> [RECORDS SHOWN]

#####

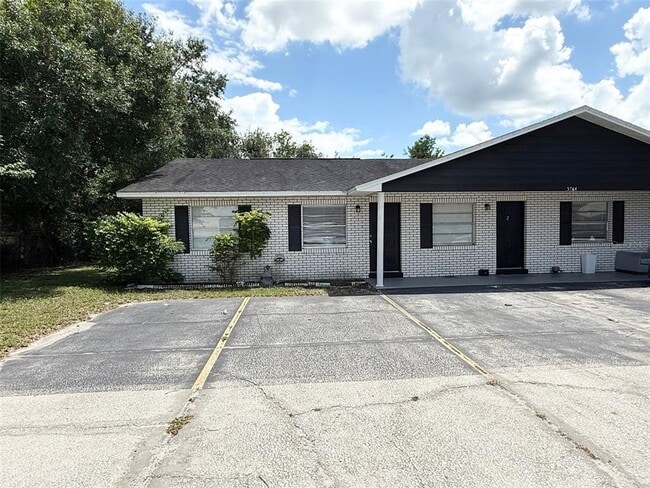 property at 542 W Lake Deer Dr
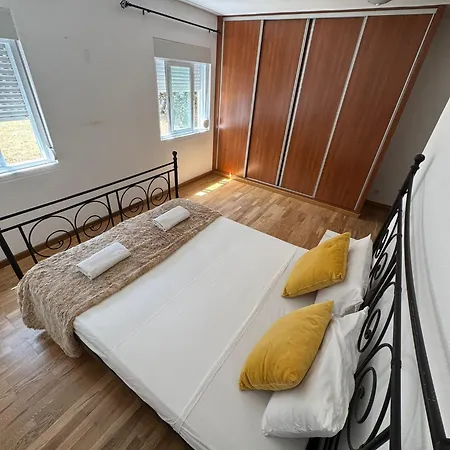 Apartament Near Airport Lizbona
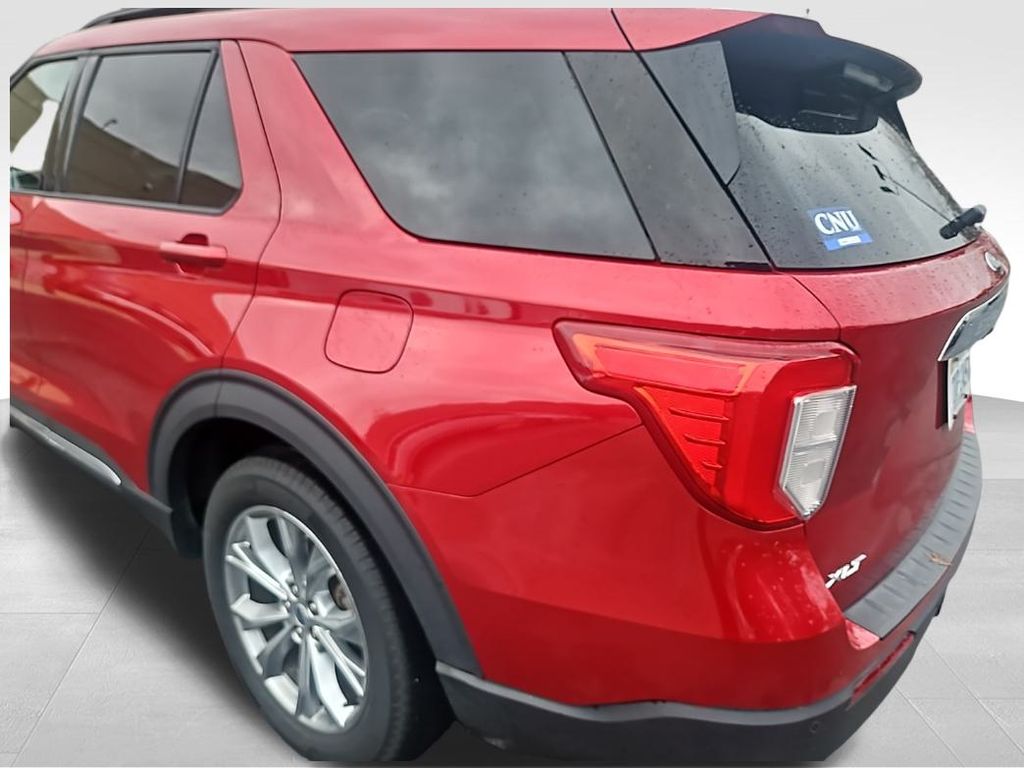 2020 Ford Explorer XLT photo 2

#####

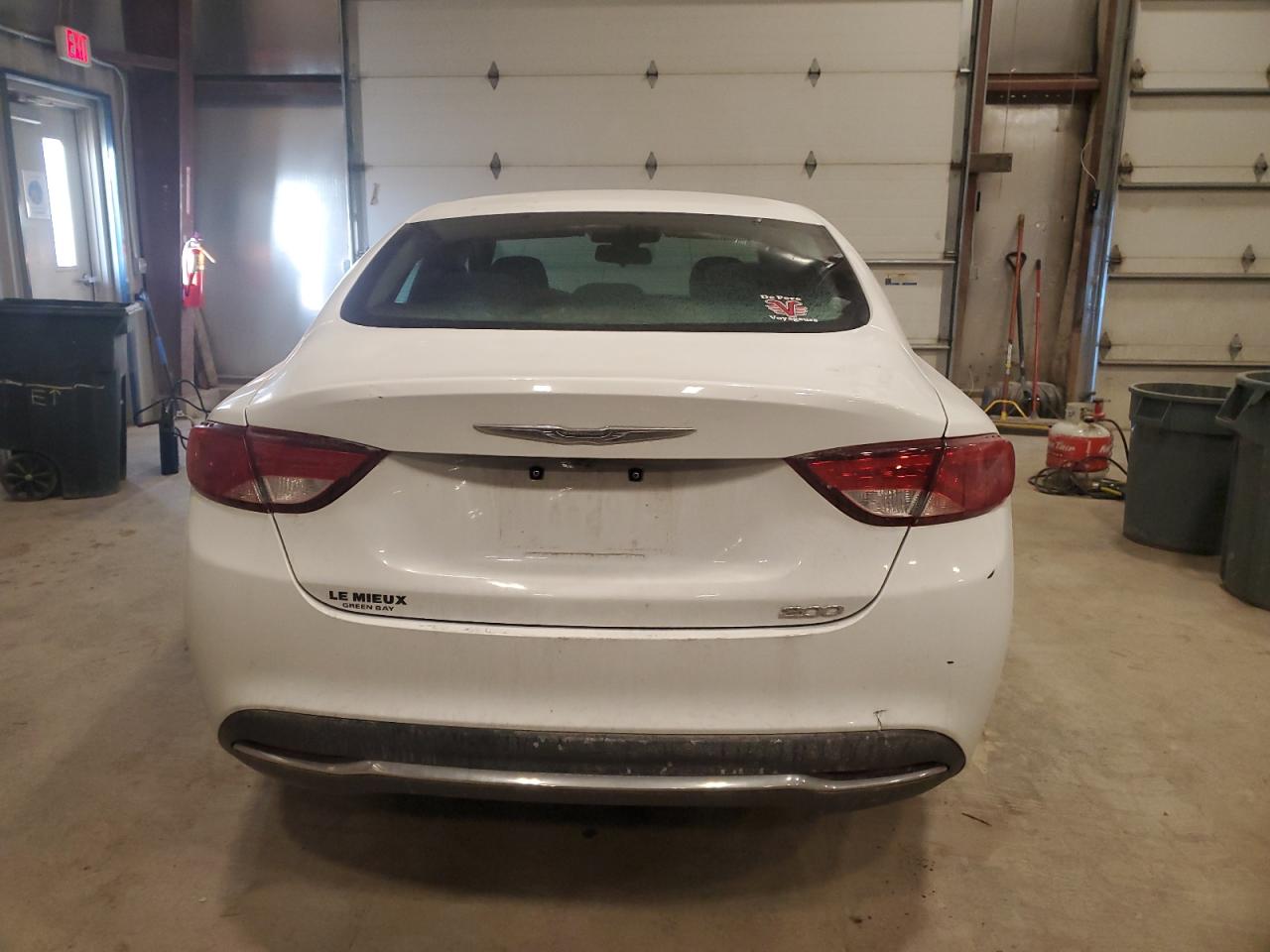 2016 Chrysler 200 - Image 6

#####

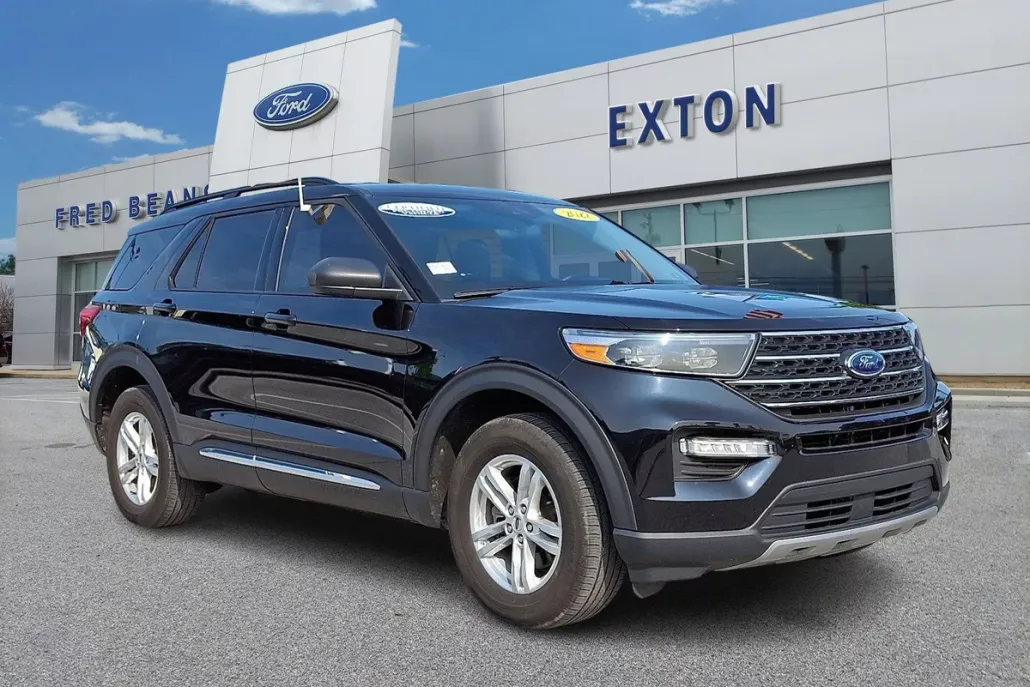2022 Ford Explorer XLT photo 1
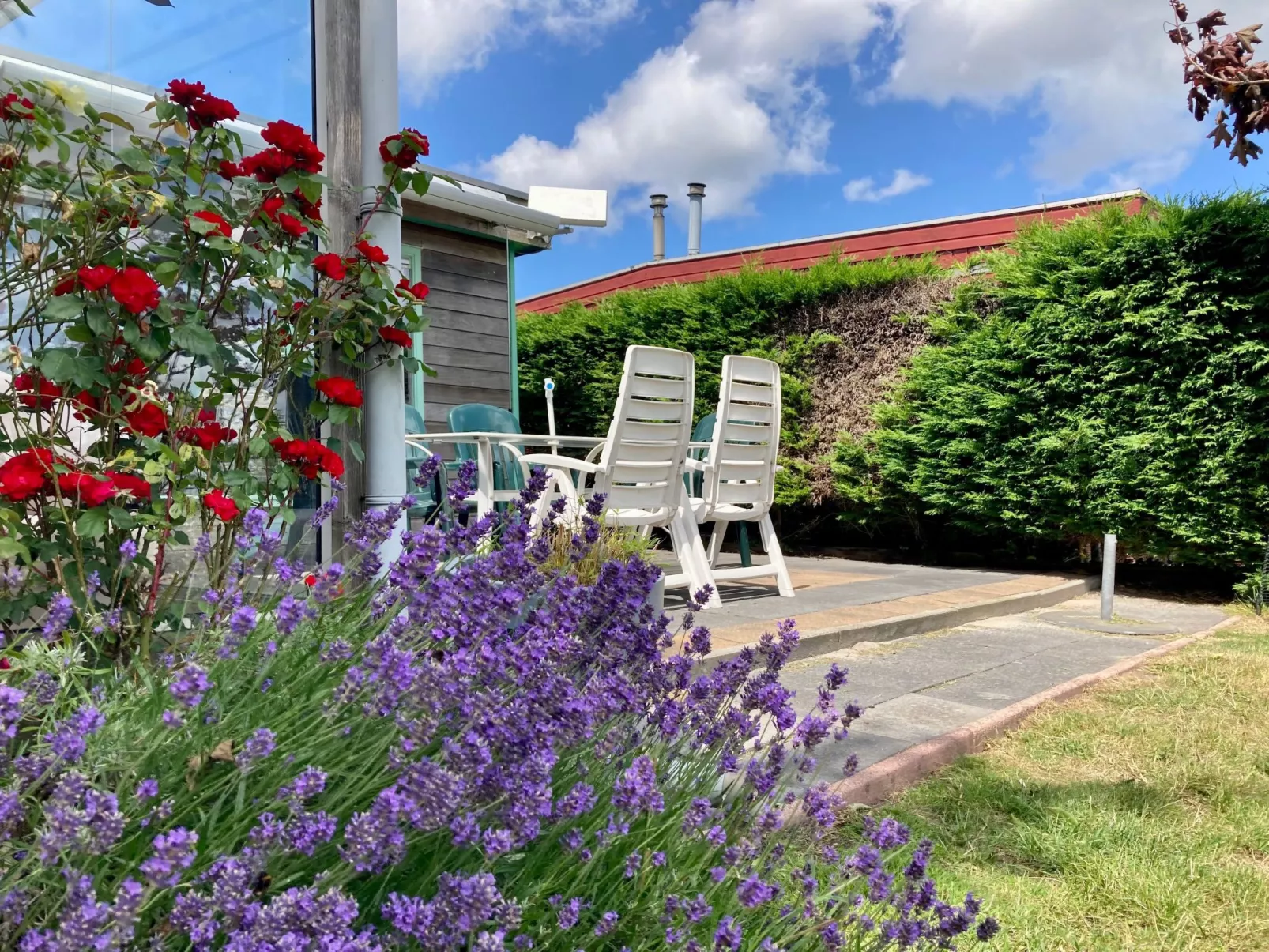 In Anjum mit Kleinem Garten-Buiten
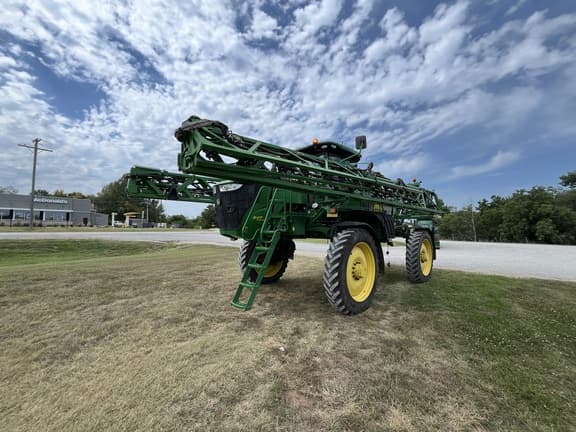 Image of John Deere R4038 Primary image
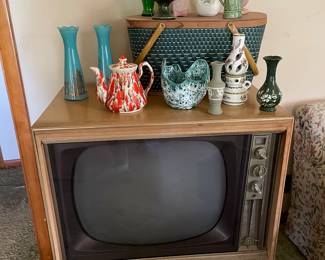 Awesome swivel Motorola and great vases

#####

> [WHAT THIS TASK INVOLVES] Range to copy from the listing above: the line containing "Apartament Near Airport Lizbona" down to the line containing "2020 Ford Explorer XLT photo 2", both included. Reproduce it exactly, minus the pictures, and add nothing.

> [RESPONSE TO THIS EXERCISE]
 Apartament Near Airport Lizbona
 2020 Ford Explorer XLT photo 2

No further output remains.